In April 2024, Tricia Williams – a longtime Mr. Holland's Opus Foundation program director – was appointed as president and CEO. A musician and Berklee College of Music graduate, she has been with the foundation since 1999, and, in 2017, created Music (and Arts) Education District Support Services (MEDSS®), a program providing district-level support for music and arts education. As CEO, she is leading the foundation’s expansion to reach students in need nationwide.

Over the years, the foundation's work has garnered support from many prominent musicians and philanthropists. Rock guitarist Eddie Van Halen was a devoted supporter for over a decade. In 2012, Van Halen donated 75 of his personal guitars to low-income school programs through the foundation, expressing that giving children the gift of music was tremendously important. After his death in 2020, it was revealed that Van Halen had left a multi-million dollar bequest to the foundation in his will – a contribution described by the organization as "transformative." His son Wolfgang Van Halen has continued the family's legacy with the foundation.

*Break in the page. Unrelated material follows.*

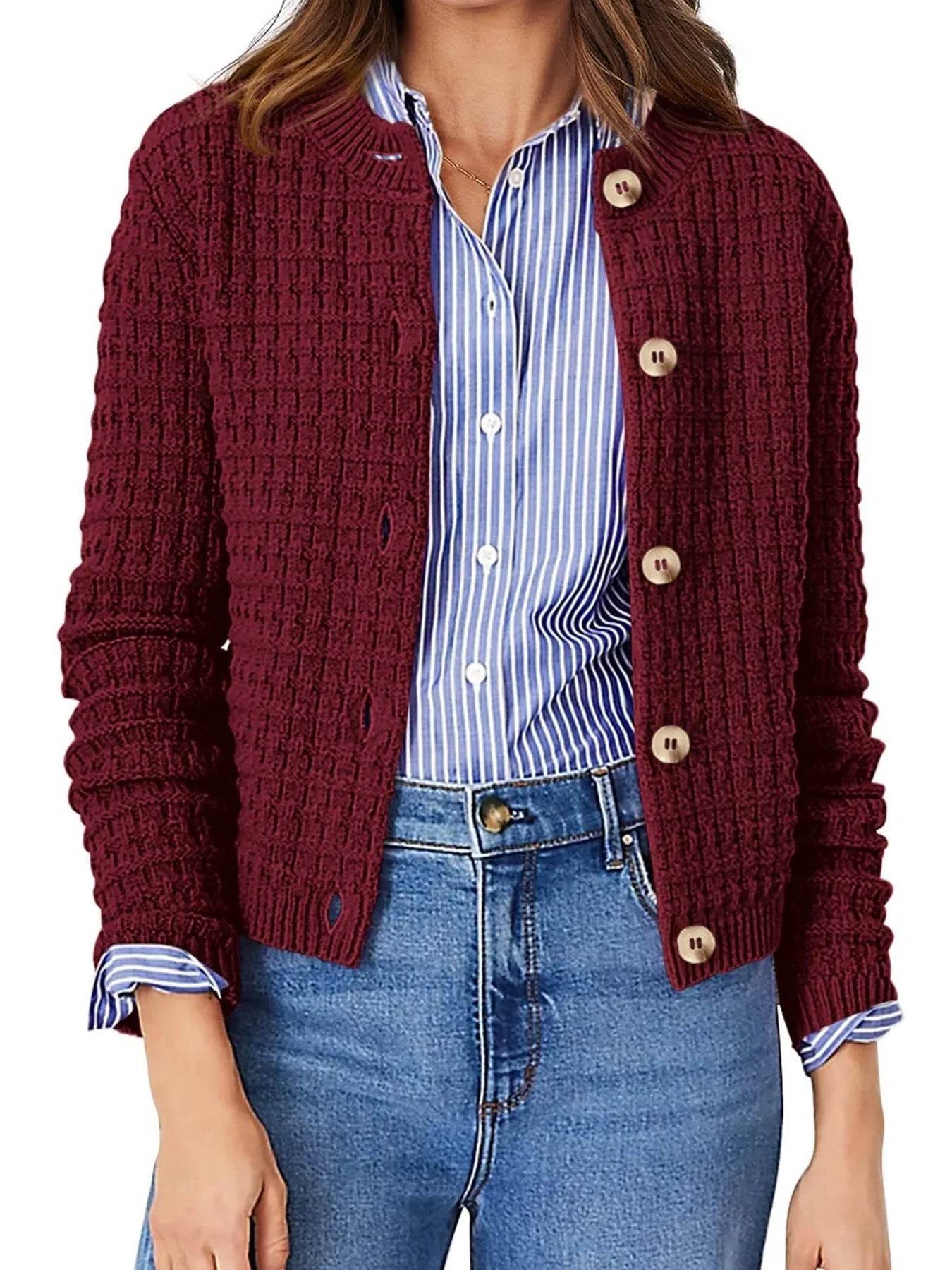 Textured Knit Cardigan - Button-Front Style for Effortless Elegance - EBYNN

Country stars Morgan Wallen, Chris Stapleton and Keith Urban, blues-rock band Tedeschi Trucks Band, rock icon Alice Cooper, Grammy-winning alternative group Portugal. The Man, Cypress Hill rapper B-Real, and legendary producer Bob Ezrin have contributed or served on the foundation's board, reflecting broad music industry engagement.

== Programs and initiatives ==
Mr. Holland’s Opus Foundation's core mission is carried out through several programs and initiatives that support music education at the school and district level:

- Instrument donation grants: The foundation's primary activity is donating new musical instruments to under-resourced schools that lack adequate instruments for economically disadvantaged students. Schools apply and are vetted based on criteria such as having an existing music program, a dedicated music teacher, and a high percentage of low-income students. The foundation conducts a thorough assessment of each applicant school’s needs and capacity before awarding a grant of instruments. By increasing a school’s inventory of playable instruments, the program enables more students to participate in band, orchestra, jazz, or other ensembles who otherwise could not due to cost barriers. The foundation has donated over 41,000 instruments to more than 1,900 schools in all 50 states. These donations serve students for at least ten years on average (the typical lifespan of instruments in schools) and have an estimated retail value exceeding $37 million as of 2025. In the 2024–25 fiscal year alone, the foundation provided 2,284 instruments to 72 schools, worth about $2.36 million.
- Music Education District Support Services (MEDSS): Launched in 2017 by Mr. Holland’s Opus Foundation, MEDSS is a consulting and assessment program designed to help school districts identify and reduce barriers to student participation in music and arts education. Working with district leaders and arts administrators, MEDSS evaluates systemic challenges such as insufficient staffing, scheduling conflicts, inequities between schools, and lack of instruments or resources. The process includes data analysis, teacher surveys, and inventory audits, culminating in recommendations to improve access and quality. Findings guide both district actions and the foundation's own investments, such as targeted instrument donations. As of 2025, MEDSS had been implemented in over 30 districts nationwide, with some requesting follow-up assessments to track progress. Participating districts have secured more than $14 million in new public funding, added music teacher positions, and launched new programs based on MEDSS recommendations. In Tennessee, the CMA Foundation funded a statewide initiative to expand the model to every district. The program has been credited with improving equitable access to music education in several communities across the nation.
- Disaster Relief: Music Rising is a disaster relief fund administered by Mr. Holland's Opus Foundation to restore school music programs affected by natural disasters. It was originally co-founded in 2005 by U2 guitarist The Edge and producer Bob Ezrin in response to Hurricane Katrina, with an initial focus on replacing instruments in the Gulf Coast region. The program later expanded nationwide, and in 2025, Mr. Holland’s Opus Foundation established the National Music Education Disaster Relief Coalition with partners including CMA Foundation, Gibson Gives, Guitar Center Music Foundation, Music For All, Music Will, NAfME, NAMM Foundation, The Recording Academy, and Save the Music Foundation. Schools with active music programs prior to a disaster may apply for replacement instruments if insurance or FEMA funds are delayed or unavailable. As of 2025, the foundation has provided about $2.7 million in instruments to more than 100 schools recovering from hurricanes, floods, wildfires, and other disasters.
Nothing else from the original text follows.